- PROBLEM DESCRIPTION -
Beginning with the line containing "구름 달 별 DIY 레이어링" and ending with the line containing "NWT SKIMS Everyday", write out each line of the records below exactly; pictures and lines outside that range are left out.

- TASK MATERIAL -
■ ■ ■ ■

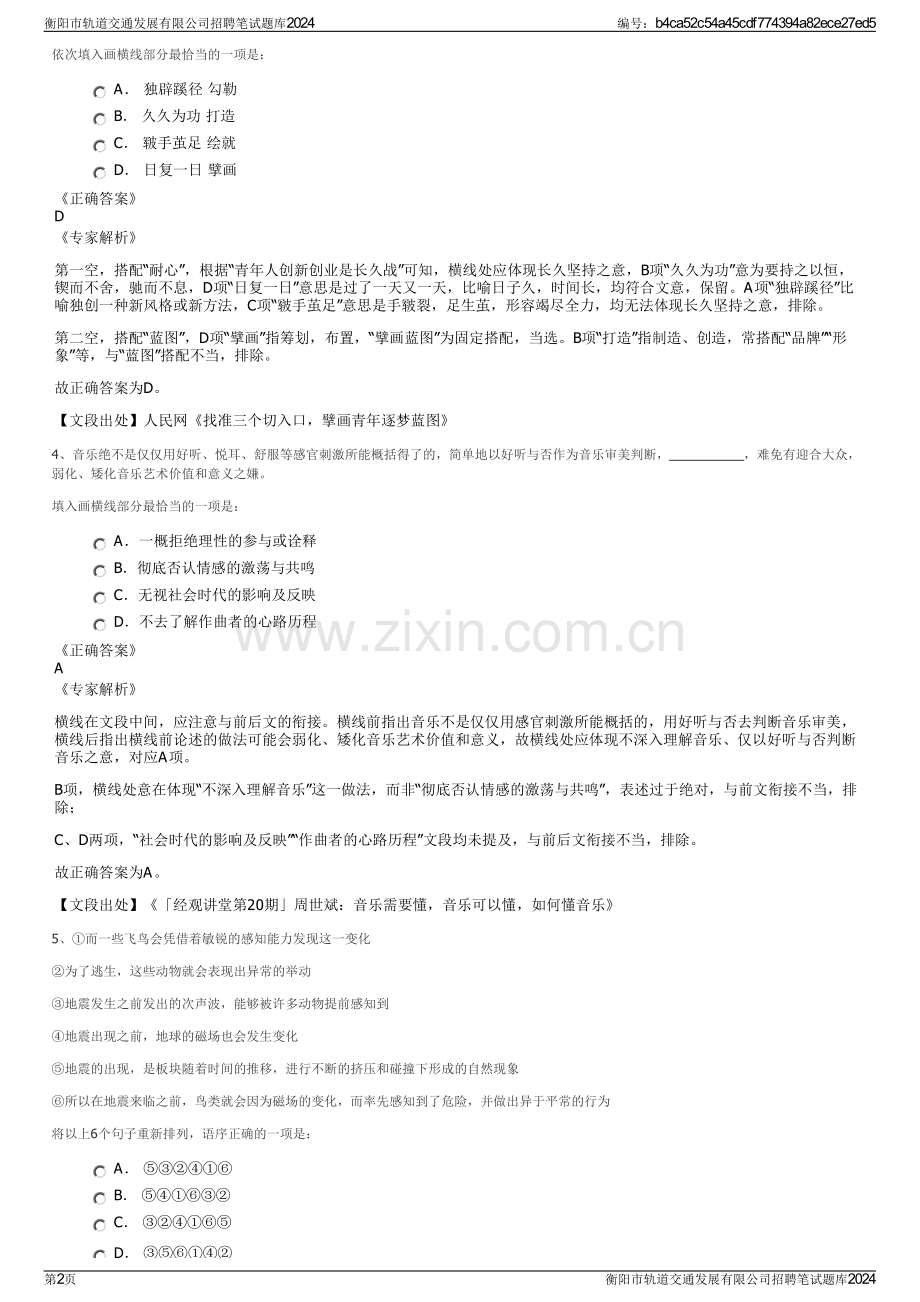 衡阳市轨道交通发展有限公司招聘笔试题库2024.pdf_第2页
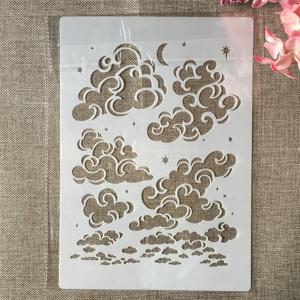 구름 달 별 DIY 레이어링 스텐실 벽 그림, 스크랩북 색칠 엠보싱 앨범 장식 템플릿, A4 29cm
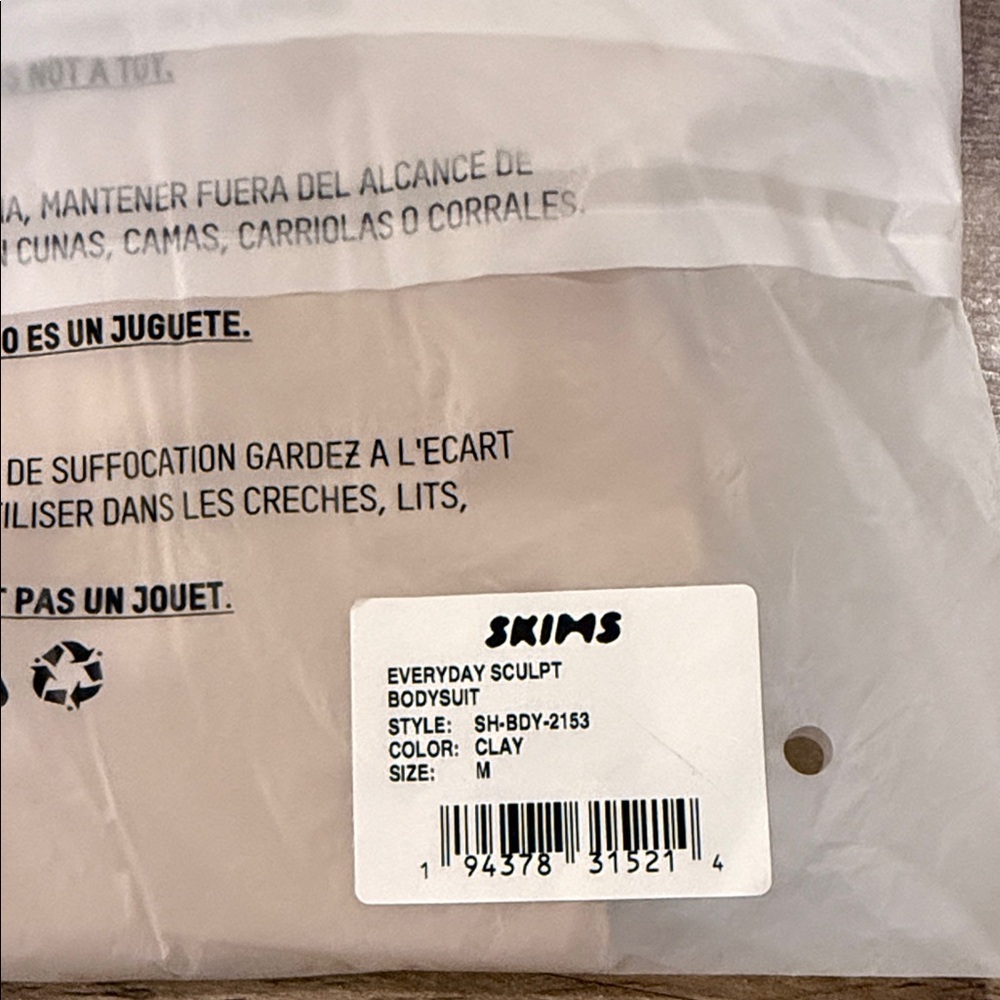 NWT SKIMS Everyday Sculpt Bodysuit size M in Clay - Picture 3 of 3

■ ■ ■ ■

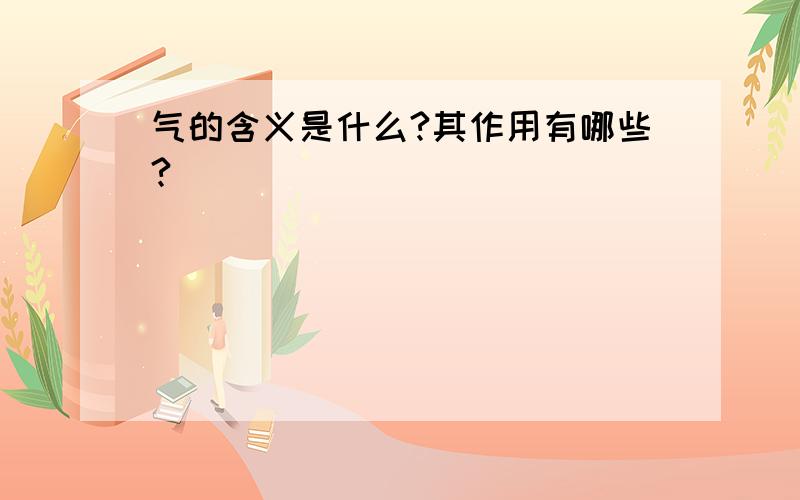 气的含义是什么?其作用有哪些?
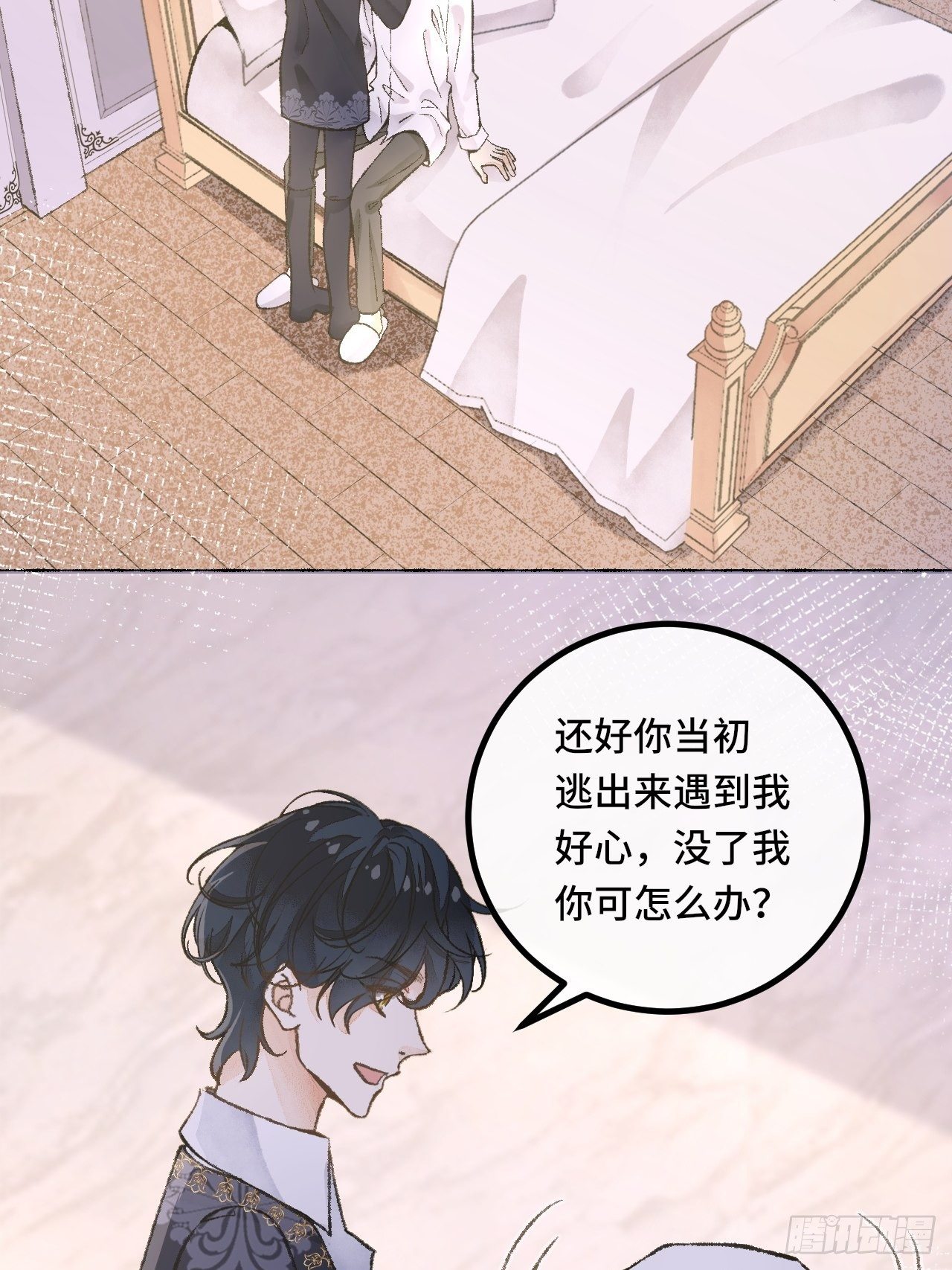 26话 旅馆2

■ ■ ■ ■

- SOLVED PROBLEM -
 구름 달 별 DIY 레이어링 스텐실 벽 그림, 스크랩북 색칠 엠보싱 앨범 장식 템플릿, A4 29cm
 NWT SKIMS Everyday Sculpt Bodysuit size M in Clay - Picture 3 of 3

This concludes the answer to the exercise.